Two key features of this diagram are (1) every section of text or code is its own discrete container, and (2) containers can be nested within one another. This nesting is particularly apparent if you are authoring your R Markdown document in the RStudio IDE and expand the document outline.

Note that in Figure \@ref(fig:rmd-containers), headers of the same level represent containers at the same level of nesting. Lower-level headers exist inside of the container of higher-level headers. In this case, it is common to call the higher-level sections the "parent" and the minor sections the "child." For example, a subsection is the child of a section. Besides headers, you can also create divisions in your text using `:::`, as demonstrated in Section \@ref(multi-column).

This structure has important implications as we attempt to apply some of the formatting and styling options that are described in this text. For example, we will see this nested structure when we learn about how Pandoc represents our document as an abstract syntax tree (Section \@ref(lua-filters)), or when we use CSS selectors (Section \@ref(html-css), among others) to style our HTML output. 

Formatting and styling can be applied to either containers of similar types (e.g., all code blocks), or all containers that exist inside of another container (e.g., everything under "Section Y"). Additionally, as explained in Section \@ref(narrative), we can apply the same classes to certain sections to designate them as being similar, and in this case, the common class names denote the common properties or intent of these sections.
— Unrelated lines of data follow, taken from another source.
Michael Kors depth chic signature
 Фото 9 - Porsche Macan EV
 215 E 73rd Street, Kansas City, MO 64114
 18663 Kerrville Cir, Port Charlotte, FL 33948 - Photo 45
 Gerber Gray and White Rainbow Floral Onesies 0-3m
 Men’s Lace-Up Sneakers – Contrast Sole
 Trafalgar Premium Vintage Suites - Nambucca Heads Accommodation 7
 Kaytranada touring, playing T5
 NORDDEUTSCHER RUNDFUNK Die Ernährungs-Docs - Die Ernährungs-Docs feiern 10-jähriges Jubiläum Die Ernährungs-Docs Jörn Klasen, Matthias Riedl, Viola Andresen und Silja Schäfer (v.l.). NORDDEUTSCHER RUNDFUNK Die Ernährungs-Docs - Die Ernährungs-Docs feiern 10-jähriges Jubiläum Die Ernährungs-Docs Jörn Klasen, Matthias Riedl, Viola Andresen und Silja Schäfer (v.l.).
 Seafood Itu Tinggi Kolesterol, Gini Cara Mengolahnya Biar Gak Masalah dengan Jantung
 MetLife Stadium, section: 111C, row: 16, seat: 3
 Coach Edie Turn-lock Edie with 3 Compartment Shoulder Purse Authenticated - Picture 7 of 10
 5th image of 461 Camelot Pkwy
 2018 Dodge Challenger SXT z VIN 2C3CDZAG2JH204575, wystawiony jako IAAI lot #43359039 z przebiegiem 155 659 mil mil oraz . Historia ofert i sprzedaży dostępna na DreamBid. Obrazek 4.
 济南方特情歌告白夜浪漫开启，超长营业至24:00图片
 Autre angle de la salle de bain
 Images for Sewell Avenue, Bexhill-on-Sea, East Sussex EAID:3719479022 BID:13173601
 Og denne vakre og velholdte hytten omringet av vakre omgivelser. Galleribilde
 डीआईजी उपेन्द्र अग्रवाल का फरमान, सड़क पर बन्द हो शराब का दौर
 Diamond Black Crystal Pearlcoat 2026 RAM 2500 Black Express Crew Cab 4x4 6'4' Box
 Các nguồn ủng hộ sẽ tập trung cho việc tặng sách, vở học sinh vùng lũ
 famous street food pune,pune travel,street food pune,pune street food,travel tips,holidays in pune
As you read through this cookbook, it may be useful to quiz yourself and think about what sort of container the specific "recipe" is acting upon.

## What can we change to change the results? {#what-to-change}

Let's summarize what we have seen so far and preview what is to come.

Rendering R Markdown documents with **rmarkdown** consists of converting `.Rmd` to `.md` with **knitr**, and then `.md` to our desired output with Pandoc (typically).

The `.Rmd`-to-`.md` step handles the execution and "translation" of all code within our report, so most changes to *content* involve editing the `.Rmd` with code for **knitr** to translate. Tools that we have control over these steps include **knitr** chunk options and hooks.

Our `.md` is a plain text file with no formatting. This is where Pandoc comes in to convert to the final output format such as HTML, PDF, or Word. Along the way, we add structure and style. A wide range of tools to help us in this process include style sheets (CSS), raw LaTeX or HTML code, Pandoc templates, and Lua filters. By understanding the nested structure of an R Markdown document, and by thoughtfully using identifiers and classes, we can apply some of these tools selectively to targeted parts of our output.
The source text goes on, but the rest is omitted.